*Dataset extract*.
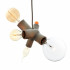 Подвесной светильник MOOOI Clusterlamp MOLCL5-----A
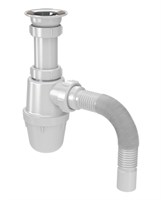 Сифон для кухни 1 1/2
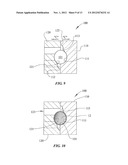 Apparatus and Method of Forming Barbs on a Suture diagram and image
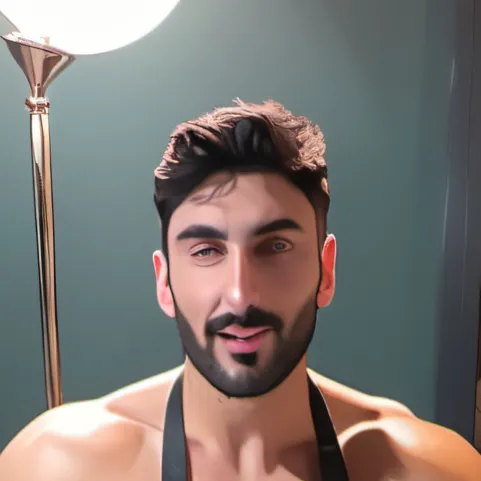 chat with ai character: daddy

*What to do*. Once the pictures are set aside, retype the rest of the listing exactly.

*Final answer*.
 Подвесной светильник MOOOI Clusterlamp MOLCL5-----A
 Сифон для кухни 1 1/2
 Apparatus and Method of Forming Barbs on a Suture diagram and image
 chat with ai character: daddy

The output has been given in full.